Berkabar.id – Kepala Negara Republik Indonesia, Presiden Joko Widodo telah meminta Menteri Riset, Teknologi dan Pendidikan Tinggi (Menristekdikti) M Nasir untuk membatasi jumlah mahasiswa di Perguruan Tinggi Negeri (PTN).

Menurut Jokowi, pembatasan mahasiswa itu terkait dengan jumlah mahasiswa yang terlalu banyak, tidak berimbang dengan jumlah tenaga pengajar. Terdapat beberapa perguruan tinggi yang memiliki jumlah mahasiswa lebih dari 30 ribu atau 40 ribu.

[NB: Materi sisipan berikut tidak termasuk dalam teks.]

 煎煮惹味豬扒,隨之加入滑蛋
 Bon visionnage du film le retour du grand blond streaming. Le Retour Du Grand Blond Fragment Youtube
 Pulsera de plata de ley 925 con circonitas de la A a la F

“Saya lebih senang kalau perguruan tinggi itu fokus, tidak semuanya diambil,” kata Jokowi saat menutup Rembuk Nasional Asosiasi Perguruan Tinggi Swasta Indonesia (APTISI) di Universitas Indonusa Esa Unggul, Jakarta, November lalu.

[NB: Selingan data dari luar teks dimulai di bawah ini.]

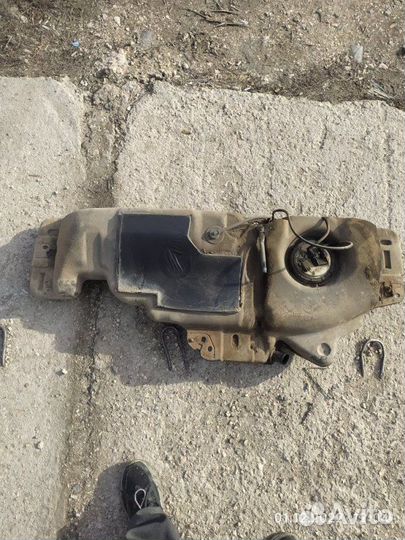 Бак Renault Clio 2/Lutecia2 1.4 MPI K7J 700 2000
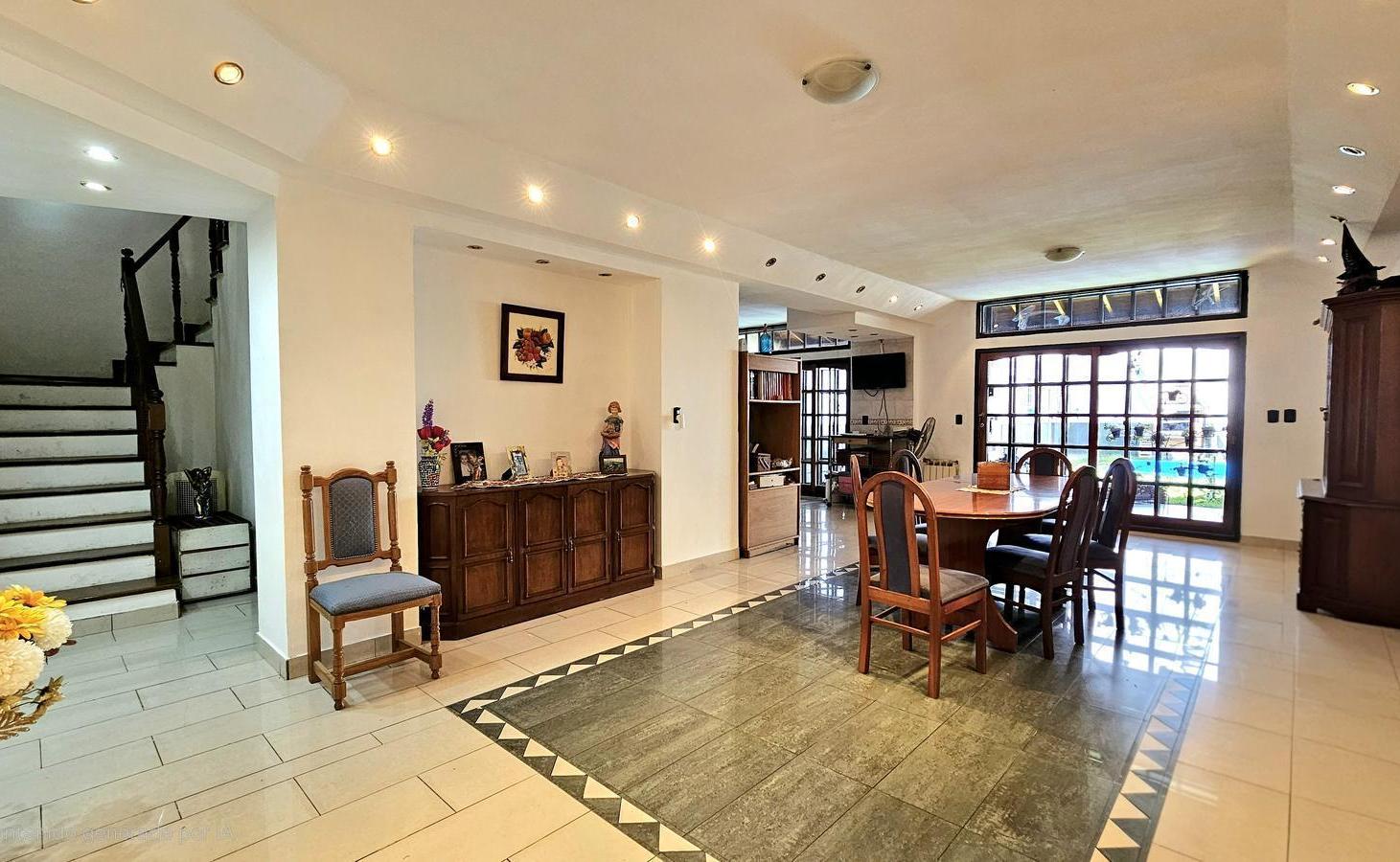Foto de Constitucion 2800 - San Cristobal - Casa con 4 dormitorios, dep, imagen 2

Menurutnya, ketika mahasiswa lebih sedikit maka mereka akan lebih fokus menerima pengajaran. Begitu juga dosen, akan lebih mudah dalam menyampaikan materia di kampus, ketimbang dengan mahasiswa yang banyak.

Jokowi mengaku lebih senang perguruan tinggi negeri fokus pada bidang tertentu dalam merekrut mahasiswa. Jangan semua diambil, sehingga perguruan tinggi swasta kekurangan mahasiswa.

Saat ini lebih dari 70% perguruan tinggi swasta di Tanah Air memiliki mahasiswa di bawah 500 orang. Hanya 25% perguruan tinggi swasta yang memiliki mahasiswa di atas jumlah tersebut.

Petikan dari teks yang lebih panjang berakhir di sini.